クラウドへのバックアップは災害や盗難に強く、また容量が少なければ複数のクラウドストレージを使い分けることでコストを限りなくゼロに近づけられる利点もあるが、ファイルサイズが大きくクラウドへの転送は負担になる場合、また災害や盗難までは考慮しなくても構わないという場合は、ほかの選択肢もある。代表的な選択肢としては、USB HDDへのバックアップが挙げられる。
これは、NASの背面に用意されているUSBポートにUSB HDDを取り付け、そこにNAS内の全共有フォルダ、もしくは特定の共有フォルダをバックアップするというものだ。USB HDDを購入しなくてはいけないため導入時のコストはかかるが、クラウドストレージの有料プランと違って月額や年額の費用もかからないほか、容量を気にせず全フォルダを丸ごとバックアップすることも可能だ。
USB HDDへのバックアップは、クラウドのバックアップと違ってネットワークの帯域を消費することもなく、大容量のファイルでも高速にバックアップが行える。分かりやすさおよびスピーディさでは、こちらのほうが上だろう。もし手元に余っているHDDがあれば、適当なUSB接続のHDDケースに組み合わせることで、さらに安上がりにそろえられる。

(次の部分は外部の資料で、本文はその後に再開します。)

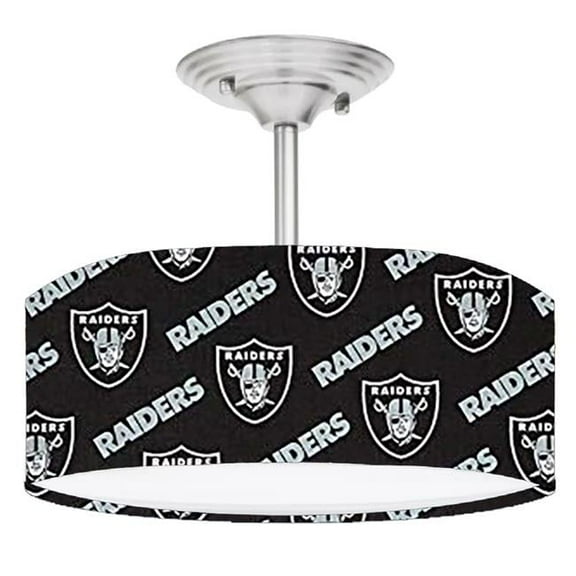 888 Cool Fans DR-0001343 Raiders NFL Football 2-Light Brushed Nickel Drum LED Lamp Fixture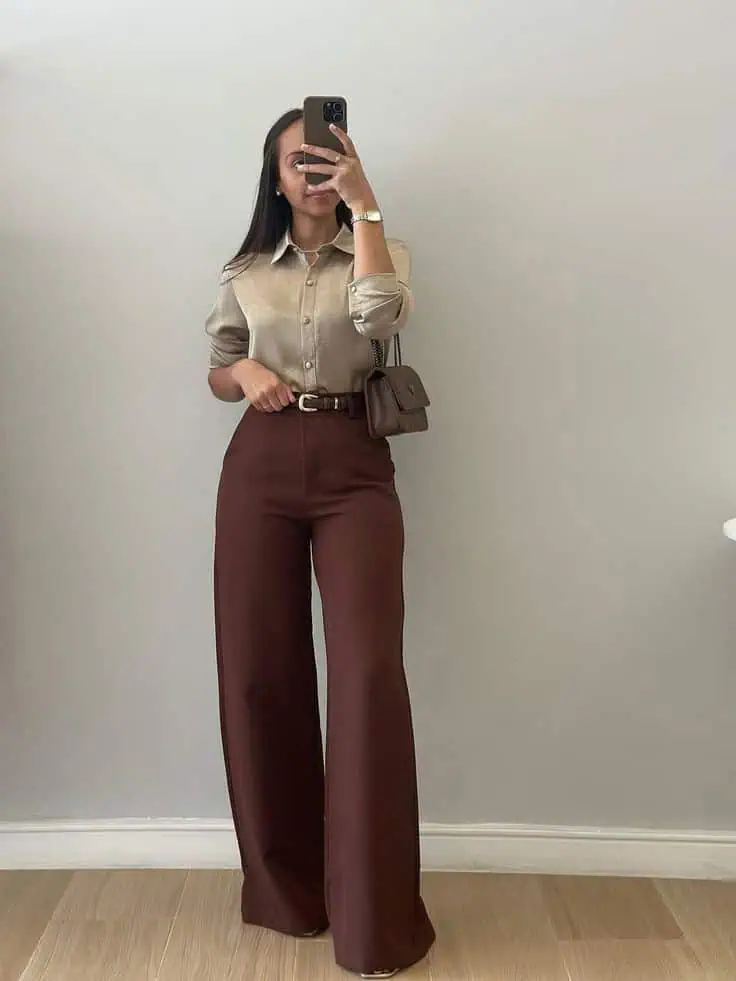 Cream Blouse with Burgundy Wide-Leg Trousers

1つ気をつけたいのは、接続方式がUSB 2.0で、かつHDDの容量が2TBを超えている場合、NAS側で容量を正しく認識できない場合があること。例えば、3TBのHDDがあったとして、これをUSB 2.0接続のHDDケースに入れてNASに接続すると、容量が数百GBしか認識できず、フォーマットしても残り2TB強が使えないという現象がしばしば発生する。USB 3.0接続のHDDであればこうした問題は発生しないので、バックアップに使うUSB HDDは、必ずUSB 3.0接続の製品を選ぶようにしよう。